**TASK MATERIAL:**
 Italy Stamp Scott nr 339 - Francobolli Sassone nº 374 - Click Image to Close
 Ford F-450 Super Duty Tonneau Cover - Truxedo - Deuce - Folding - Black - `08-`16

---

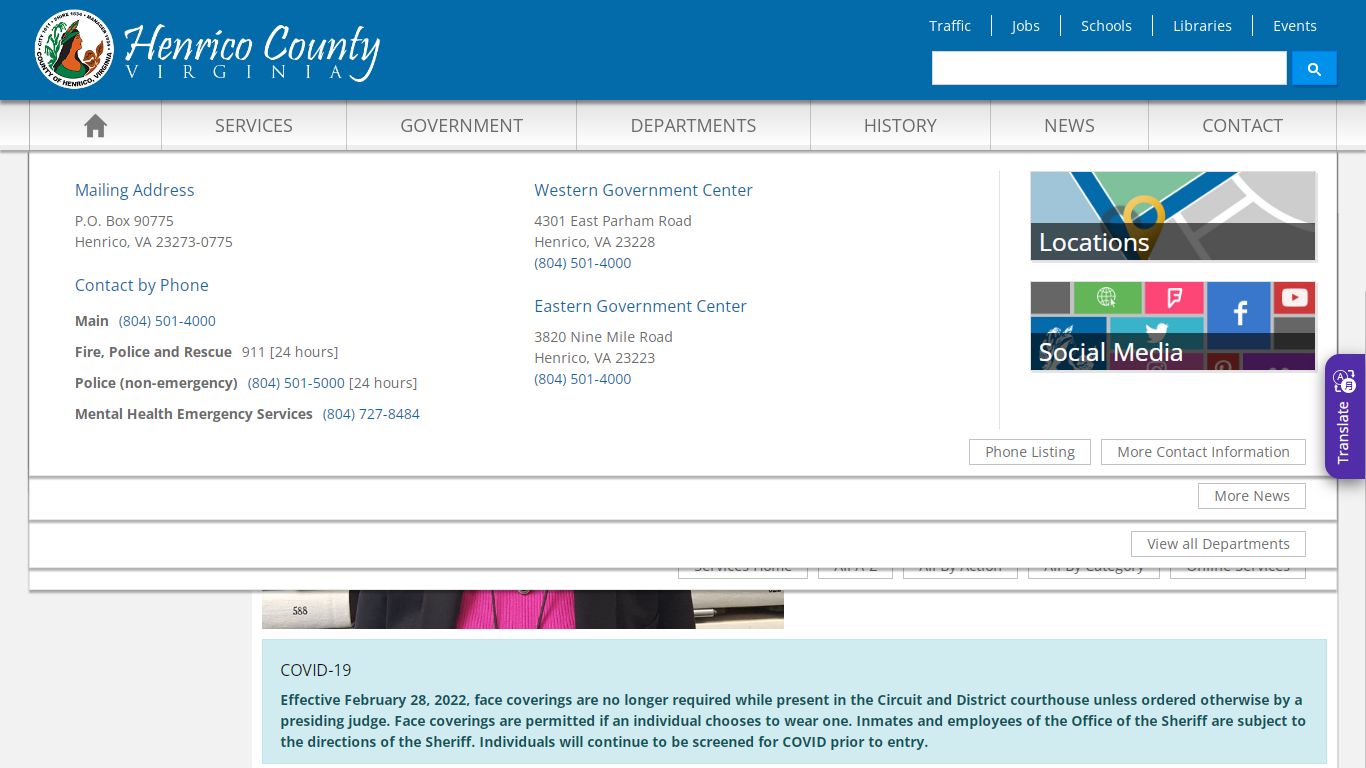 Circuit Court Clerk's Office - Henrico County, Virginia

...

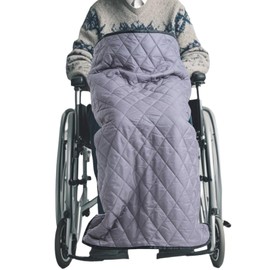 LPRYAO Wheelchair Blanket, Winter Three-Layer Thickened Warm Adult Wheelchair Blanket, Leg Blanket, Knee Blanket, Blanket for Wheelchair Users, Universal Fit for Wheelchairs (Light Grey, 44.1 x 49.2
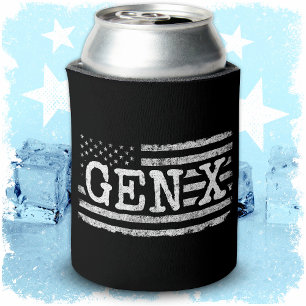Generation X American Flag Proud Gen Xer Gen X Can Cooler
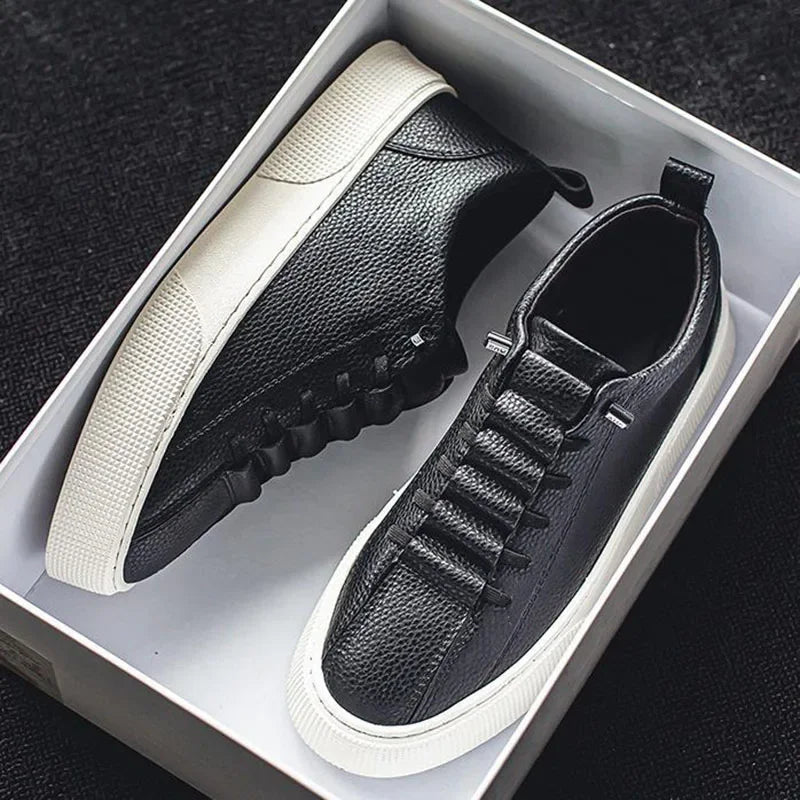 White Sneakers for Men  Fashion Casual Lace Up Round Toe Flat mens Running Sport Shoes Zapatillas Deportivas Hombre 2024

**TASK DETAILS:** Write out word for word the lines of the listing above from the line with "LPRYAO Wheelchair Blanket, Winter" to the line with "White Sneakers for", taking in both of those lines but no pictures.

**OUTPUT OF THE TASK:**
 LPRYAO Wheelchair Blanket, Winter Three-Layer Thickened Warm Adult Wheelchair Blanket, Leg Blanket, Knee Blanket, Blanket for Wheelchair Users, Universal Fit for Wheelchairs (Light Grey, 44.1 x 49.2
Generation X American Flag Proud Gen Xer Gen X Can Cooler
 White Sneakers for Men  Fashion Casual Lace Up Round Toe Flat mens Running Sport Shoes Zapatillas Deportivas Hombre 2024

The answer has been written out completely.